FINIR EN BEAUTÉ. Sophie Calle. jusqu’au 29 septembre 2024. Cryptoportiques, Arles – France

“Peu avant l’inauguration de mon exposition À toi de faire, ma mignonne au musée Picasso, à Paris – reconte Sophie Calle -, un orage a causé des dégâts dans ma réserve et des spores de moisissure se sont infiltrées dans Les Aveugles, une des séries qui devaient la constituer. Les restaurateurs se sont prononcés : afin d’éviter tout risque de contamination, il était préférable de détruire les œuvres. J’ai, dans l’urgence, pris le parti de mettre en scène leur absence.
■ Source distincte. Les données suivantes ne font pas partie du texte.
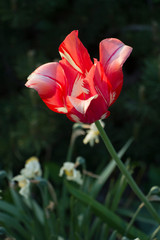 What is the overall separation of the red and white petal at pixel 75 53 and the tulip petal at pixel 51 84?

Pour un projet qui avait pour origine l’anniversaire de la mort de Picasso et se concluait en évoquant ma fin, cette décomposition faisait sens. Seulement ces aveugles avaient trop compté dans ma vie pour terminer la leur à la décharge. J’ai alors repensé à une idée de l’artiste Roland Topor d’inhumer un vieux chandail qu’il ne pouvait ni donner ni jeter.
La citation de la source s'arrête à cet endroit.